Now that we’re semi-retired, my wife Barb and I have been spending a lot of time at our cottage, which means we’ve been spending a fair amount of time driving around on country roads. We take those roads to get to our fishing spots and we travel down them on our occasional trips to the stores, restaurants, bars and fly-fishing shops in the rural areas of Lake and Mason counties. Since there’s never much traffic on those roads, I see more vehicles on my five-minute drive to Siciliano’s than I do during a week’s worth of driving up north, and I’m better able to focus on the lovely country scenery.
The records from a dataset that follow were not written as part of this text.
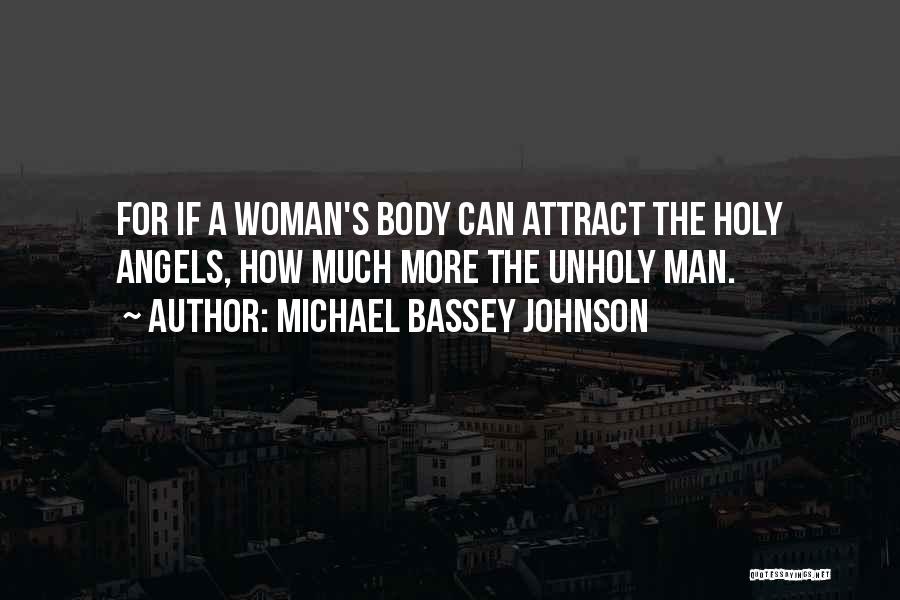 Michael Bassey Johnson Quotes: For If A Woman's Body Can Attract The Holy Angels, How Much More The Unholy Man.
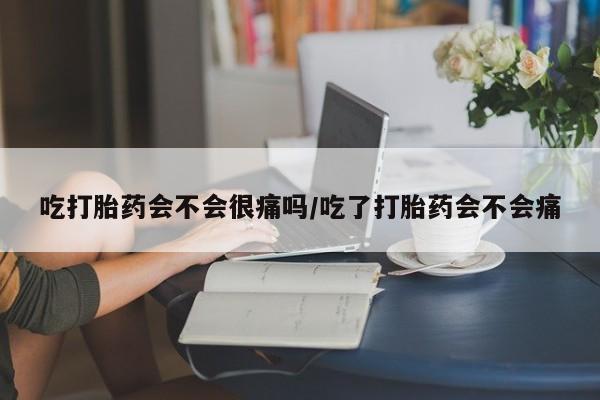 米非米索网上购买吃打胎药会不会很痛吗/吃了打胎药会不会痛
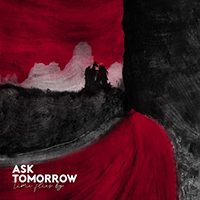 Ask Tomorrow - Time Flies By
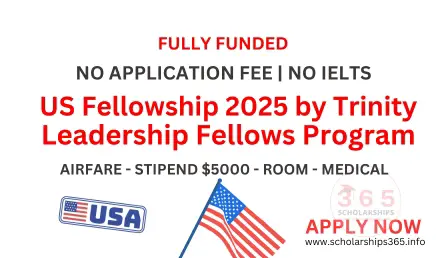 US Fellowship 2025 | Trinity Leadership Fellows Fully Funded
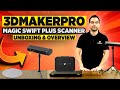 3DMAKERPRO - MAGIC SWIFT PLUS SCANNER - UNBOXING & OVERVIEW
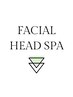 ↓【フェイシャル/ヘッドスパ】メニュー↓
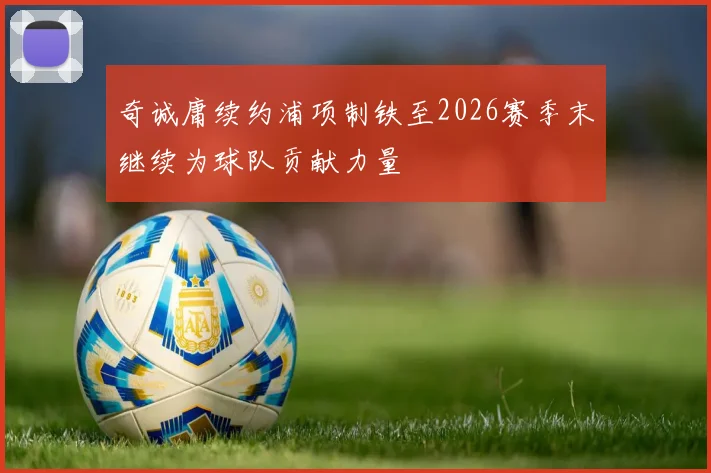 奇诚庸续约浦项制铁至2026赛季末继续为球队贡献力量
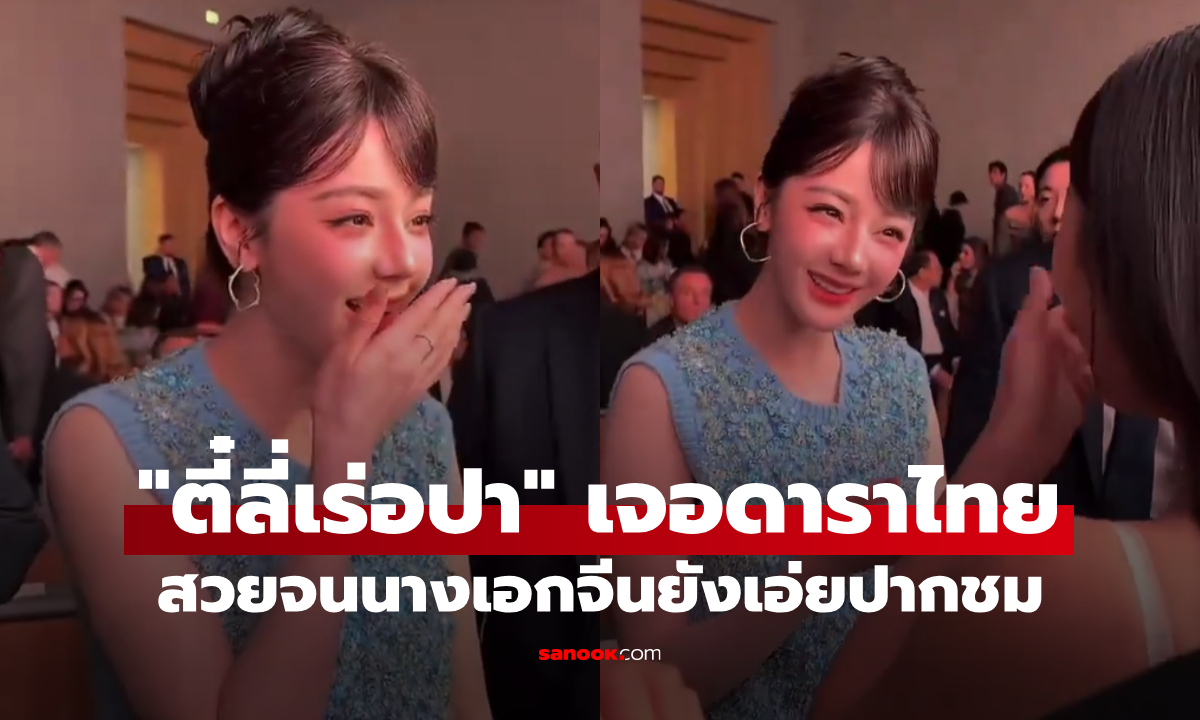 "ตี๋ลี่เร่อปา" เจอนางเอกไทย "หลิงหลิง คอง" สวยจนนางเอกจีนยังเอ่ยปากชม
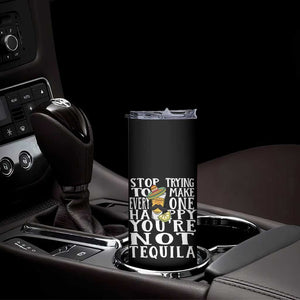 Motivational Mental Health Skinny Tumbler Stop Trying To Make Everyone Happy You're Not Tequila TS09 Print Your Wear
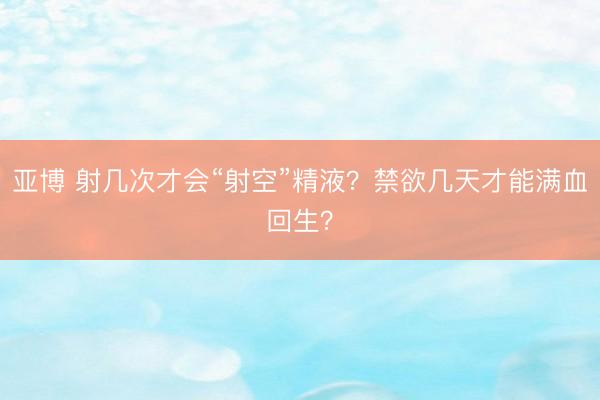 亚博 射几次才会“射空”精液？禁欲几天才能满血回生？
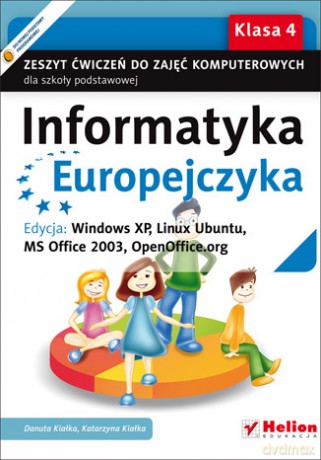 Informatyka Europejczyka. Zeszyt ćwiczeń do zajęć komputerowych dla szkoły podstawowej, kl. 4. Edycja: Windows XP, Linux Ubuntu, MS Office 2003, OpenOffice.org (Wydanie II) [KSIĄŻKA]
That’s not to say that you can completely zone out. You have to keep an eye out for the ubiquitous deer and for the flocks of oblivious turkeys.

While many of those roads are paved there’s still a good number that are not. I prefer unpaved roads despite the fact they're dusty when dry, muddy when wet and have the tendency to get terribly washboarded. There have been times I was driving down a gravel road at a pretty good clip when I hit a stretch of ripples that rattled the truck so hard that I feared the fillings were being dislodged from my teeth. But the scenery always seems to be better on those roads — the dilapidated barns, the pine-stump fences, the meadows of wildflowers, the rickety wooden bridges over the occasional creek.

Perhaps another reason I like gravel roads is that they usually lead you to the best fishing spots and lately we’ve been doing a fair amount of angling. Barb has been learning the intricacies of fly fishing and last week she caught her first brown while wading in the Little Manistee. She was lamenting the fact that the trout was a tad small until I relayed to her what the late Pete Hamlin said to Harry Winston and I one night at the Bear Creek Inn. “If you can catch a trout on a fly in the Little Manistee,” he told us, “you can catch a trout on a fly anywhere.”